■ WHAT THIS TASK INVOLVES ■
Could you return all of the entries below exactly, minus the pictures?
── DATA TO USE ──
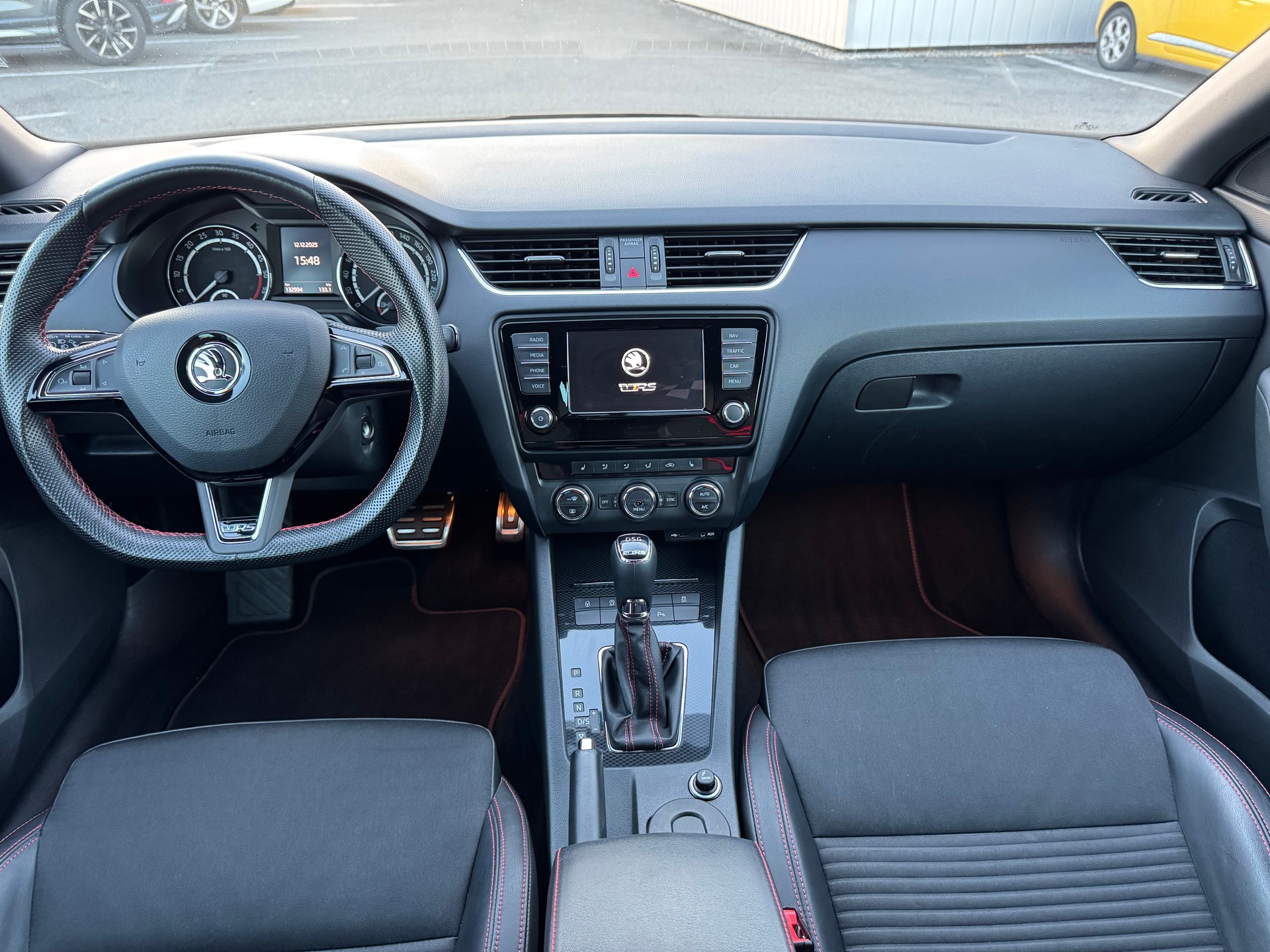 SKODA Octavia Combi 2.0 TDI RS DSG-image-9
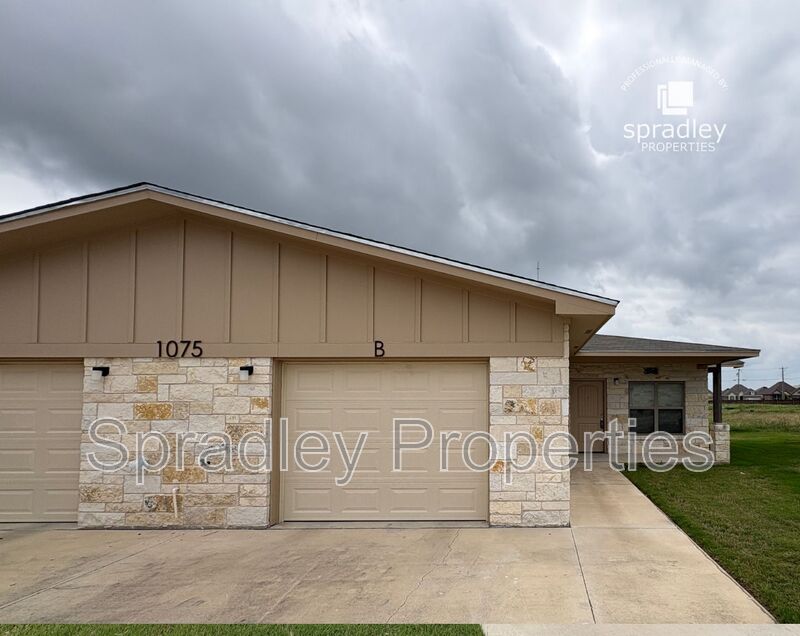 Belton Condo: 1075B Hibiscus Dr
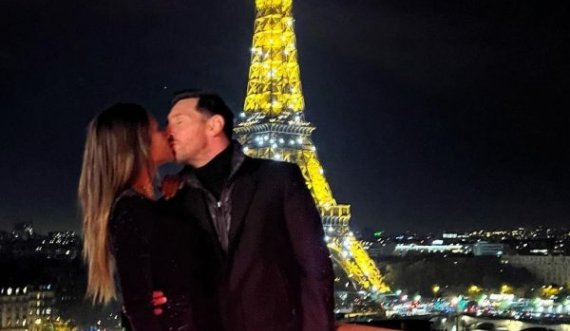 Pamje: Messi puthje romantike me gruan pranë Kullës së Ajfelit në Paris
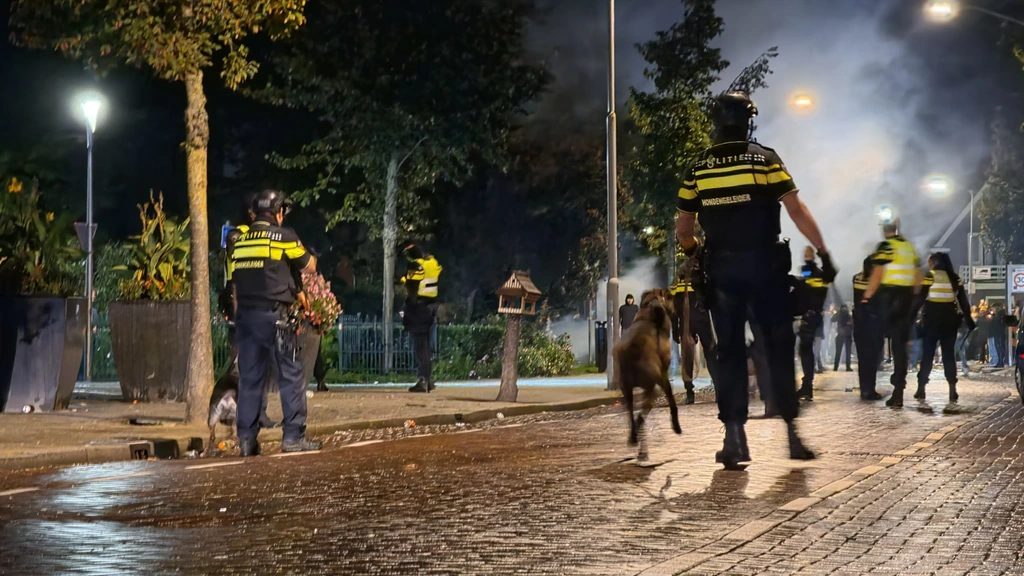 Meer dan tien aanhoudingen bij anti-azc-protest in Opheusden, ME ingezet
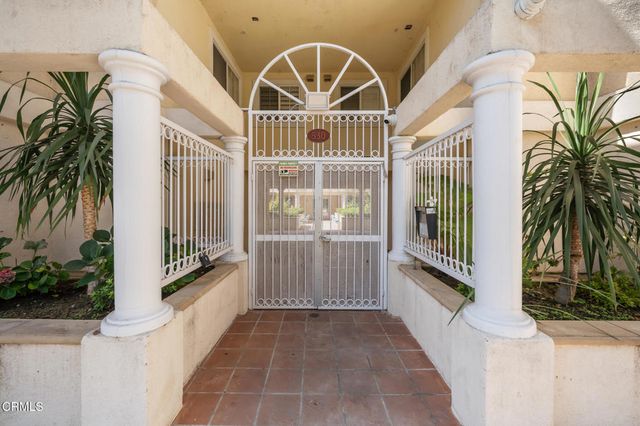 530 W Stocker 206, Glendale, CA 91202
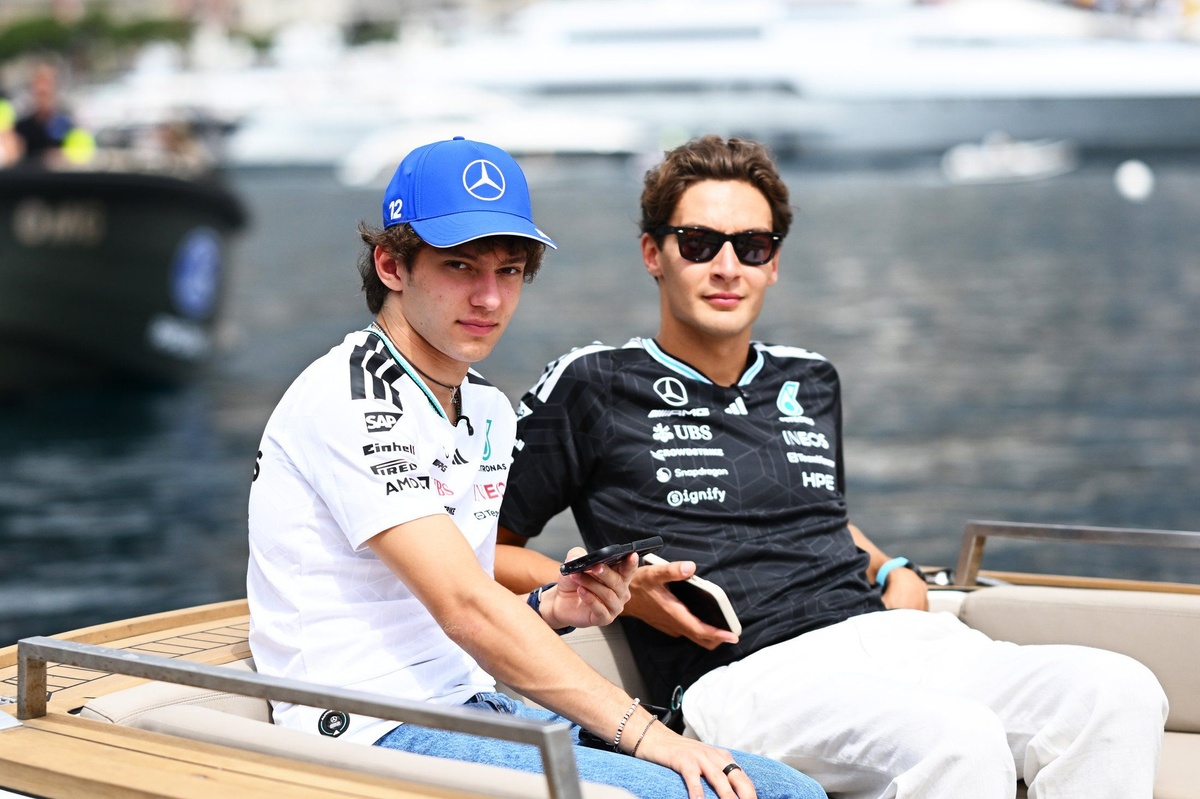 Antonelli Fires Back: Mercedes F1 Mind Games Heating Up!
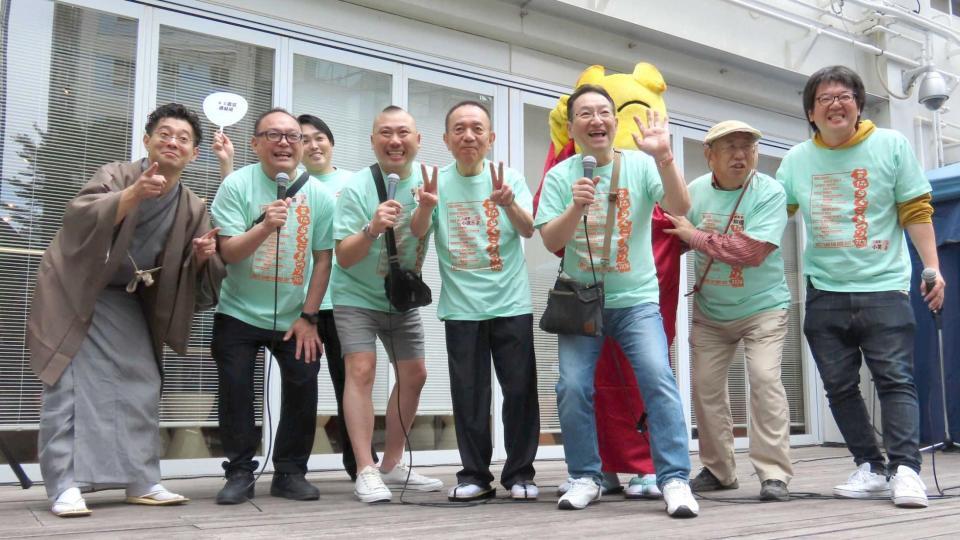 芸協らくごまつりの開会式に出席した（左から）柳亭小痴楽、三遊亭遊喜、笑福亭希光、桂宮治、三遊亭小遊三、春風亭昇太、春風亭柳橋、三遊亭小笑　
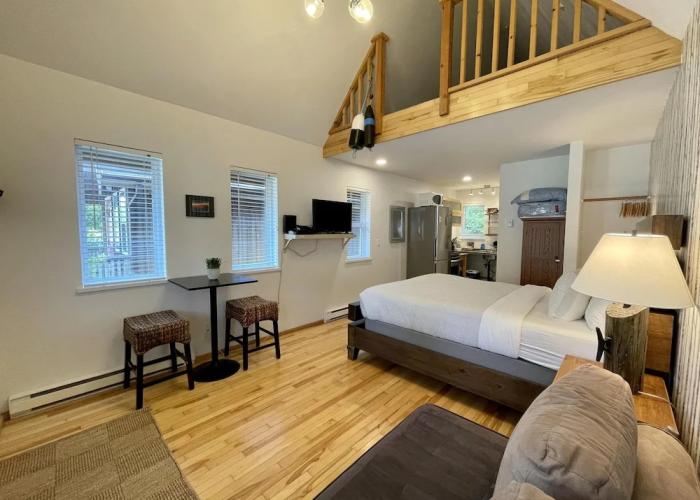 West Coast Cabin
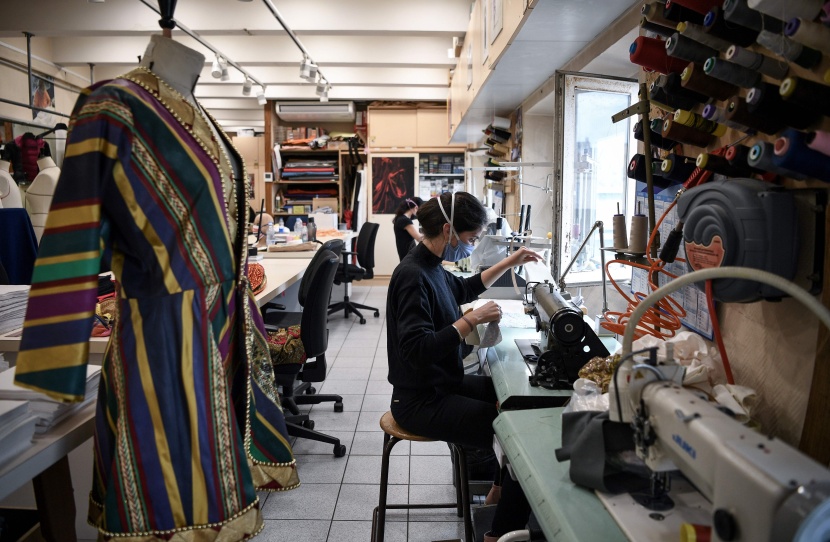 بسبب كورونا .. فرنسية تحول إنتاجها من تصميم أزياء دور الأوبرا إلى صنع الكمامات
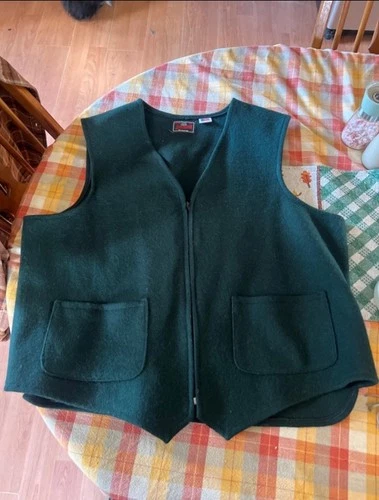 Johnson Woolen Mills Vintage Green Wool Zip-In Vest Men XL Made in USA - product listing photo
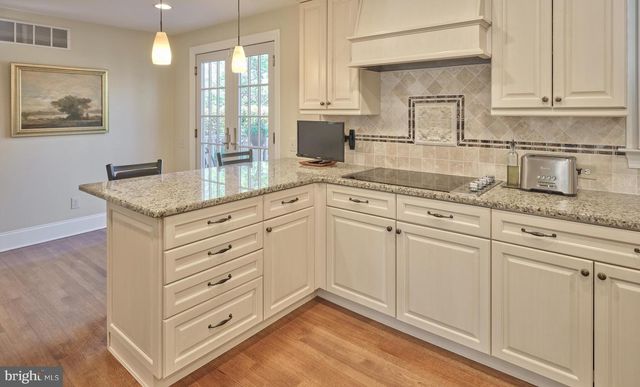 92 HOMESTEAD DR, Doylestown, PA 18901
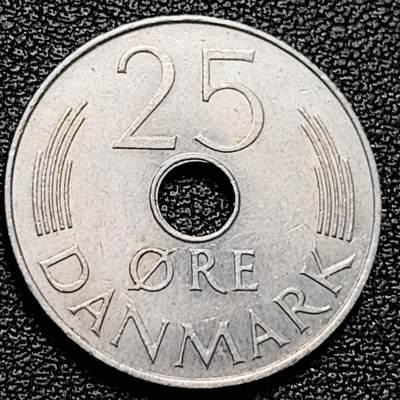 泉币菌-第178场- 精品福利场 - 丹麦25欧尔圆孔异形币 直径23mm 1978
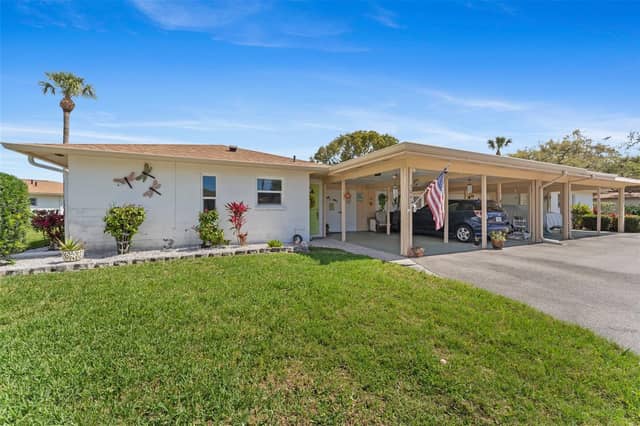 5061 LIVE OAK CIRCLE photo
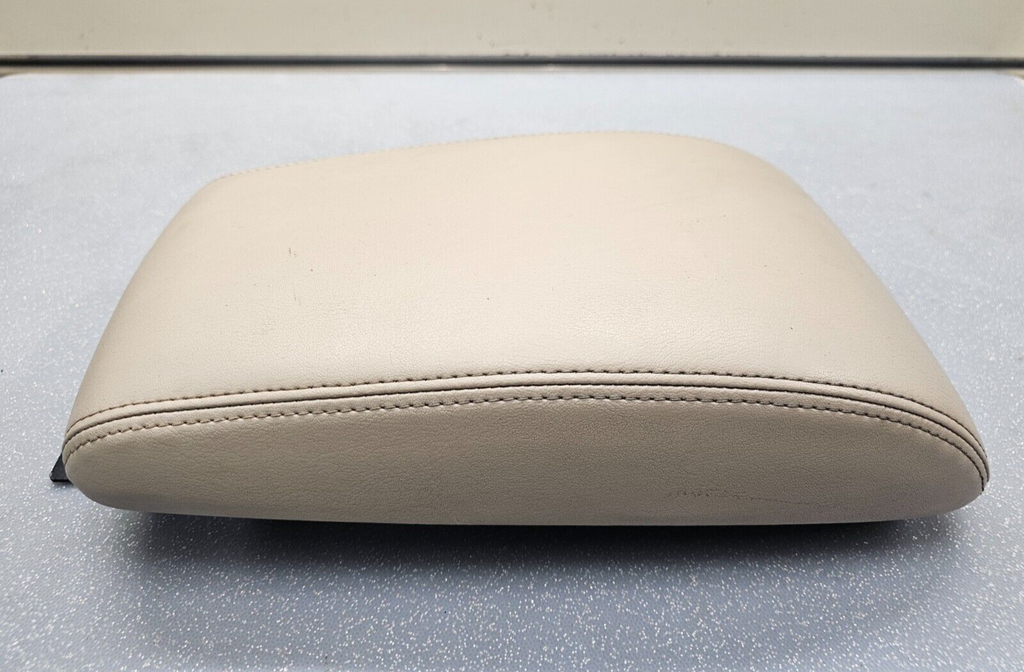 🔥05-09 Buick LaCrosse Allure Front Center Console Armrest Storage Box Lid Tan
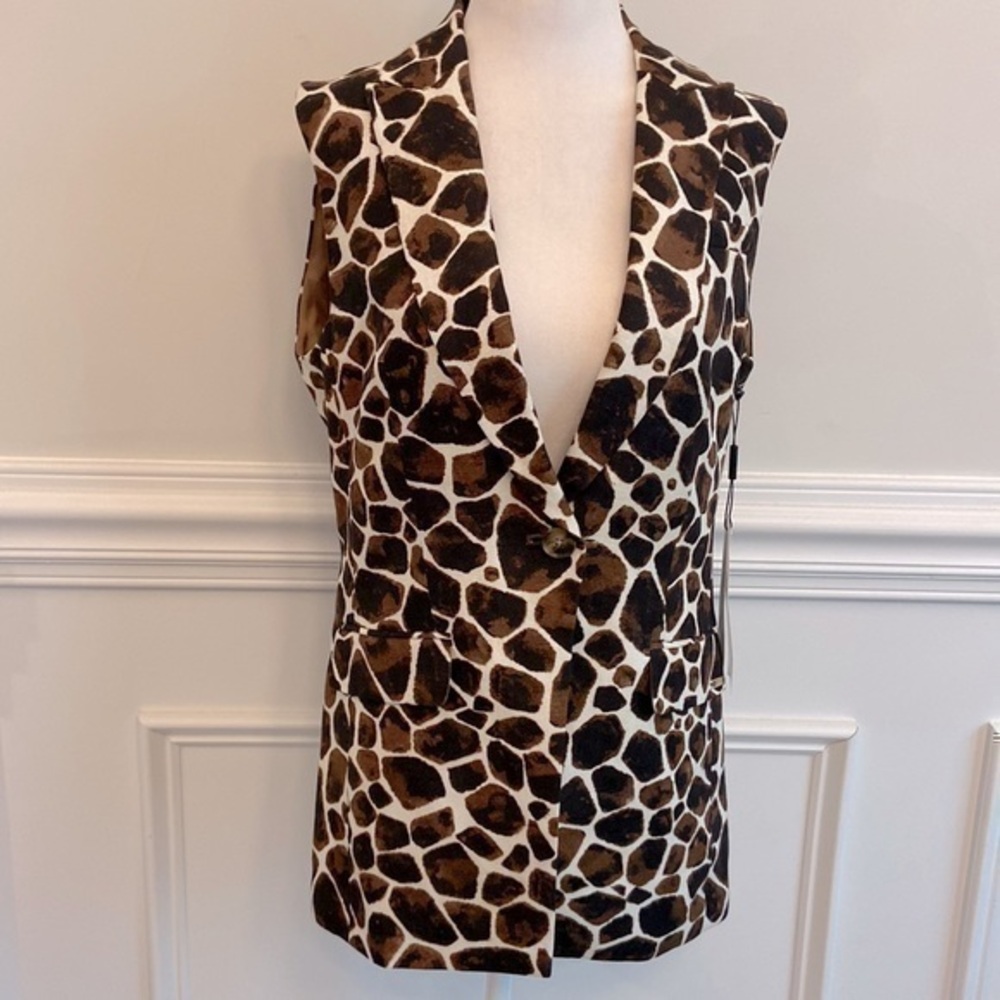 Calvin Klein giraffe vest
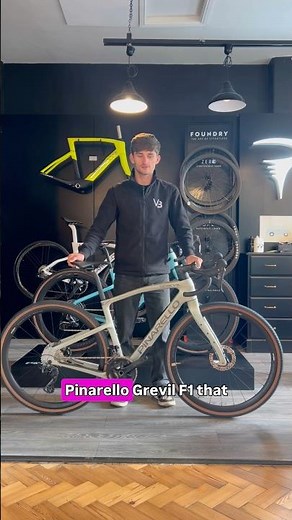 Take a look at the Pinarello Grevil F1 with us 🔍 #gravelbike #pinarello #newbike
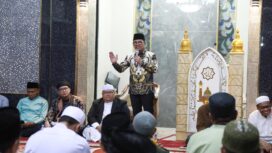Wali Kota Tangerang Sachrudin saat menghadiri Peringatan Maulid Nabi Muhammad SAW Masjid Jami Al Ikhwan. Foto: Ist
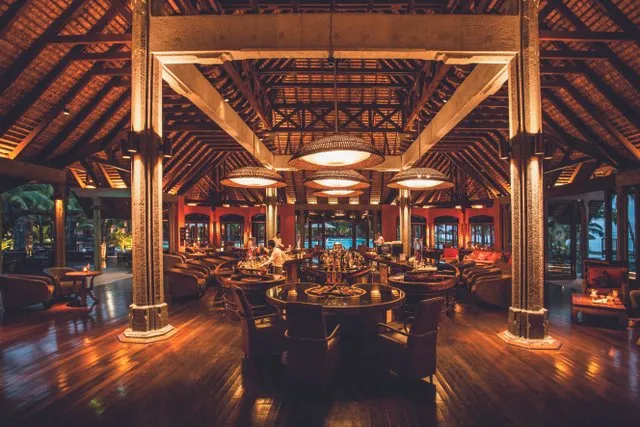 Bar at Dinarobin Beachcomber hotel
───
■ RESULT OF THIS TASK ■
 SKODA Octavia Combi 2.0 TDI RS DSG-image-9
 Belton Condo: 1075B Hibiscus Dr
 Pamje: Messi puthje romantike me gruan pranë Kullës së Ajfelit në Paris
 Meer dan tien aanhoudingen bij anti-azc-protest in Opheusden, ME ingezet
 530 W Stocker 206, Glendale, CA 91202
 Antonelli Fires Back: Mercedes F1 Mind Games Heating Up!
 芸協らくごまつりの開会式に出席した（左から）柳亭小痴楽、三遊亭遊喜、笑福亭希光、桂宮治、三遊亭小遊三、春風亭昇太、春風亭柳橋、三遊亭小笑　
 West Coast Cabin
 بسبب كورونا .. فرنسية تحول إنتاجها من تصميم أزياء دور الأوبرا إلى صنع الكمامات
 Johnson Woolen Mills Vintage Green Wool Zip-In Vest Men XL Made in USA - product listing photo
 92 HOMESTEAD DR, Doylestown, PA 18901
 泉币菌-第178场- 精品福利场 - 丹麦25欧尔圆孔异形币 直径23mm 1978
 5061 LIVE OAK CIRCLE photo
 🔥05-09 Buick LaCrosse Allure Front Center Console Armrest Storage Box Lid Tan
 Calvin Klein giraffe vest
 Take a look at the Pinarello Grevil F1 with us 🔍 #gravelbike #pinarello #newbike
Wali Kota Tangerang Sachrudin saat menghadiri Peringatan Maulid Nabi Muhammad SAW Masjid Jami Al Ikhwan. Foto: Ist
 Bar at Dinarobin Beachcomber hotel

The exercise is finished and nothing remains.